Mit einer Gruppe von Wissenschaftlern
der Witwatersrand Universität Johannesburg und der Universität
Pretoria gehe ich durch den Cradle of Humankind. Einer von
ihnen, Lee Berger, ist einer der weltweit führenden
Paläoanthropologen. Auf einer Anhöhe bückt er sich
plötzlich und hebt ein weißes, splitterartiges Steinchen
hoch: eine abgebrochene Messerspitze, die etwa siebzigtausend Jahre
alt ist, wie er uns erklärt. Er reicht das Steinchen herum, und
wir wundern uns über seine Schärfe. Dann macht Lee eine
verblüffende Rechnung auf: Wenn unsere Hominiden-Vorfahren nur
einmal pro Jahr und Hektar eines ihrer Werkzeuge verloren haben, dann
liegen im Cradle pro Hektar zwei Millionen Werkzeuge herum. „We're
literally walking on artefacts“, sagt er, und alle schauen
unwillkürlich zu Boden.
Mit Skeletten ist es anders.
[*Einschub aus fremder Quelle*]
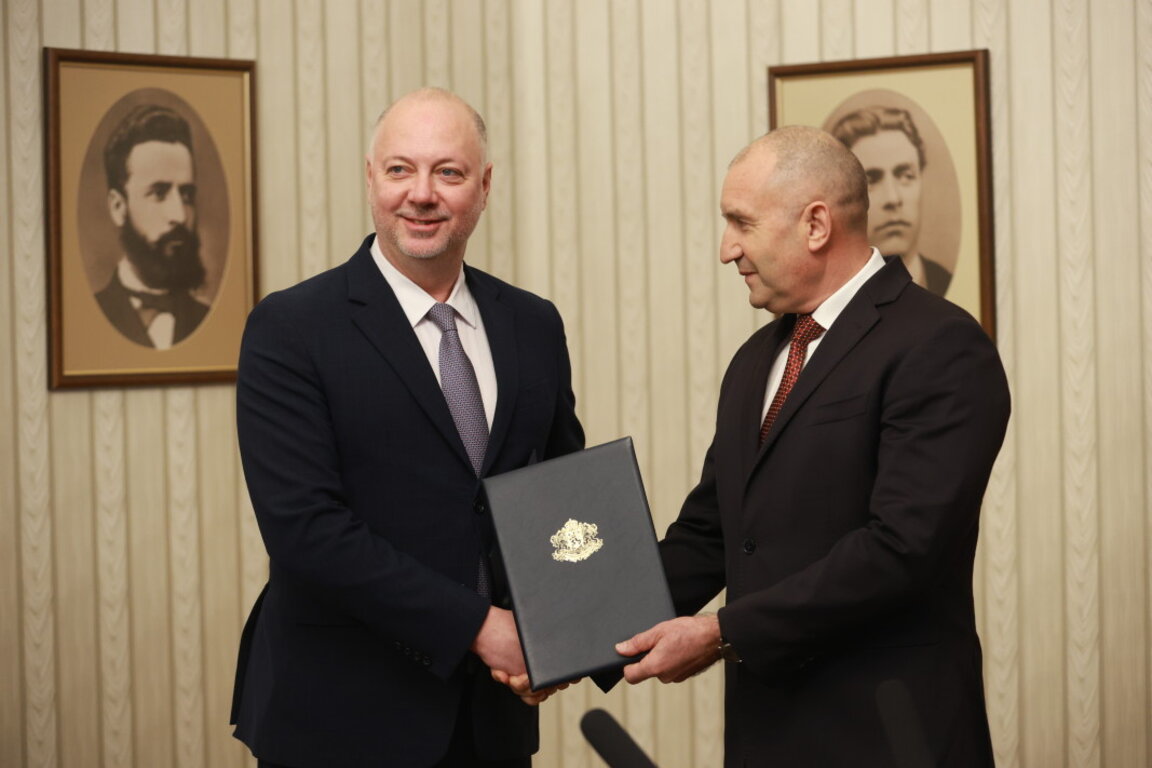 Кабинетът "Желязков" – трима служебни министри запазват постовете си. Кои са новите?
Skelette
gehören zu den seltensten Objekten der Welt, weil die Natur
nichts verkommen lässt. Little Foot und Mrs. Ples
sind dem Schicksal, gefressen und biologisch recycelt zu werden,
nur entgangen, weil sie durch eine Erdspalte in eine der
Sterkfontein-Höhlen gefallen sind. Kein schöner Tod, aber
immerhin einer für die Wissenschaft. Weitgeschwungene Hügel
bis zum Horizont und niedrige Tafelberge formen die Landschaft des
Cradle of Humankind. Sie haben hier gelebt, denke ich, hier wo
ich stehe.
Ich habe in Südafrika nicht alles
gefunden, wonach ich gesucht habe. Oder was ich, ohne die Zeit gehabt
zu haben, danach zu suchen, doch als Vorstellung im Kopf hatte, was
fester Bestandteil meines Afrikabildes war: zum Beispiel Löwen
oder Elefanten. Oder bestimmte Konstellationen des anderen
Sternenhimmels: das Kreuz des Südens oder die magellanschen
Wolken. Und auch nicht manche Kehrseite des Zusammenlebens von
Schwarz und Weiß und Arm und Reich wie Überfälle und
offenen Rassismus. Statt dessen habe ich das Gefühl, etwas
gefunden zu haben, wonach ich gar nicht gesucht habe: Ein Stück
von mir selbst.
Die Sonne brennt hoch am Himmel, und
ich weiß, dass dort, wo sie steht, nicht Süden ist,
sondern Norden. Wir stehen am Eingang einer der Höhlen im Cradle
of Humankind und sprechen über das Leben vor siebzigtausend
Jahren. Lee weiß Erstaunliches darüber zu berichten und
immer wieder sagt er: „Believe it or not.“
Das Erstaunlichste von allem aber sagt
er zum Schluss: dass nämlich diese Wesen, die hier vor
siebzigtausend Jahren gelebt haben, keine grunzenden Affen oder
Halbmenschen gewesen sind. „Nein“, sagt er, „glaubt
es, oder glaubt es nicht, aber das waren wir. Niemand anders als
wir!“
Er sieht uns an. Wir sind eine
gemischte Gruppe aus Schwarzen und Weißen. Für die
Evolution ist dieser Unterschied bedeutungslos. Afrika ist die Wiege
der Menschheit. Hier kommen wir her.